“God will put His angels in charge of you to protect you wherever you go. They will hold you up with their hands to keep you from hurting your feet on the stones” (Psalm 91:11)
Today’s computers claim to offer instantaneous information on any topic imaginable. One need only to access a topic using the search engines, among the best being Google, the contemporary version of the old-fashioned encyclopedia. It’s actually a parody of the encyclopedia. Remember the old song: “Barney Google with the goo-goo-googley eyes?” Same idea. Same root: Cyclops.
So I accessed the topic Angels. And true to form I had an answer. In fact a variety of answers:
Angels: Anaheim Angels; Charlie’s Angels; Hell’s Angels; More.
More did not lead me to the angels I was seeking, only more of the same—tickets to the Anaheim Angels ball park, listing of the TV shows and films of the female sleuths, and description of the infamous motorcycle organization. Refusing to be daunted I pursued my quest and was taken to a site where I was inundated with a variety of saccharine verses including the word “angel” for various occasions.

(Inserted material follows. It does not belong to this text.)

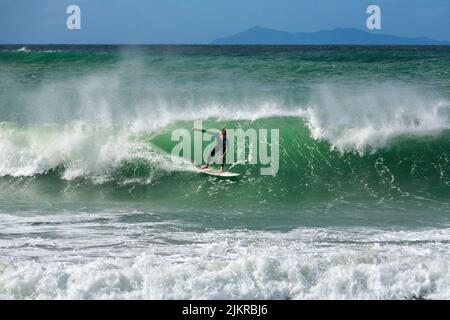 Un surfista corre un'onda al Monte Maunganui, Nuova Zelanda, una delle spiagge da surf più popolari del paese. Sullo sfondo è Mayor Island Foto Stock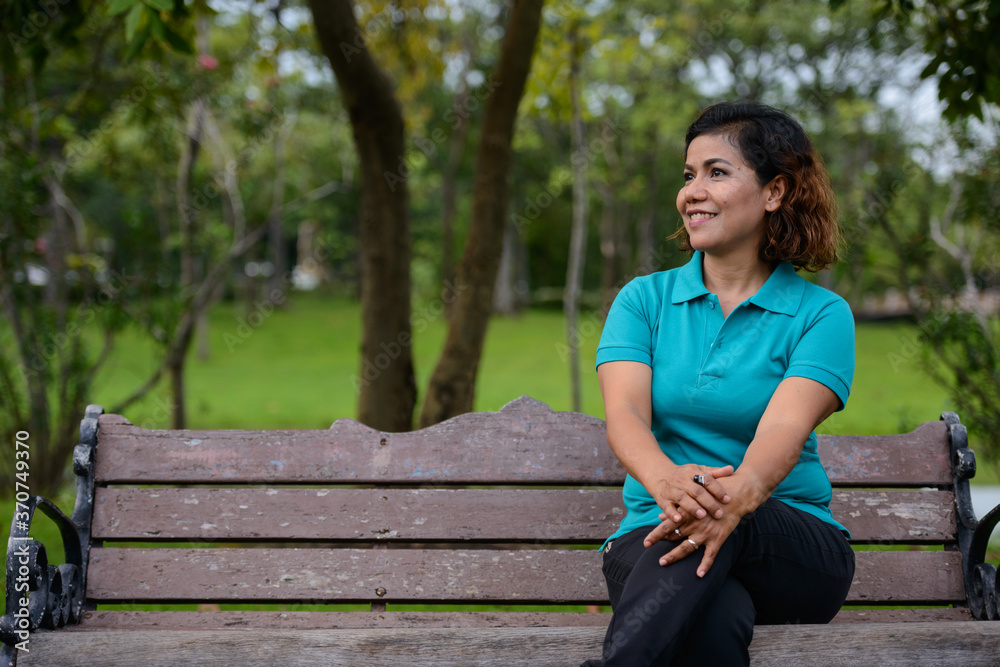 Happy mature beautiful Asian woman relaxing at the park Happy mature beautiful Asian woman relaxing at the park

How did it happen that many have lost touch with the Biblical angels sent by the Lord as messengers for the salvation of human beings, who announced to certain persons what their role would be in God’s plan for mankind, accompanying our Lord, God and Savior at His entry, mission and ascension from earth? Prayers for their guidance and protection are in every Orthodox Christian prayer book. In our churches akathists are addressed to the angels. Even in western Christianity, at least in the past, they were taken seriously. Recall when Hansel and Gretel in the opera by that name were lost in the forest, they took comfort in knowing that fourteen angels surrounded them as they slept. Yet now in these times angels appear only during the period between Thanksgiving to Christmas. It happened over the centuries. When western Christianity considered it an advance in spirituality to abandon their interest in the transcendent realms and chose instead to lower their vision to concentrate on the world and exclusively human interests, the existence and functions of the bodiless beings ceased to be of concern. As one writer put it: The proper study of mankind is man.
The demons had lost their power to intimidate and terrorize. They were demoted from monsters of the night and incubi of nightmares to the gargoyles in the gutters of cathedrals, and eventually to the ghosts and red imps of Halloween, more charming than frightening. In the culture we live in dominated by western Christianity, we are conditioned neither to fear the powers of darkness nor pray to guardian angels. May they have a revival in our spiritual development.
Angels have become a euphemism for something positive. But oddly enough, demons and devils are not considered negative, just adventurous. In a society that has no place for sin, a professional hockey team will call itself “Devils” to suggest a roughhouse, don’t-give-a-care attitude to opponents. How many Blue Devils teams, bands, and organizations cherish that name? Fathers encourage their sons, and in these days daughters as well, to show spirit. “You little devil!” is a sign of approval for evidence of combativeness and shrewdness. The terms “angel” and “devil” have lost all of their original meaning, along with virtue and wickedness, good and evil, salvation and sin.
The irony of it all is that we claim to be a society of believers, and Christianity is the stereotype for American faith in God. In the street, to proclaim an active, consistent and serious communication with the angels, to confess that you include in your daily prayers an appeal to your guardian angel to protect and pray for you, to thank your angel and patron saint for their concern for your soul is to expose yourself to criticism if not ridicule from modern “Christians.” But not to take into account the presence of the angels and their role in your salvation is to abandon yourself to the spiritual myopia of our society.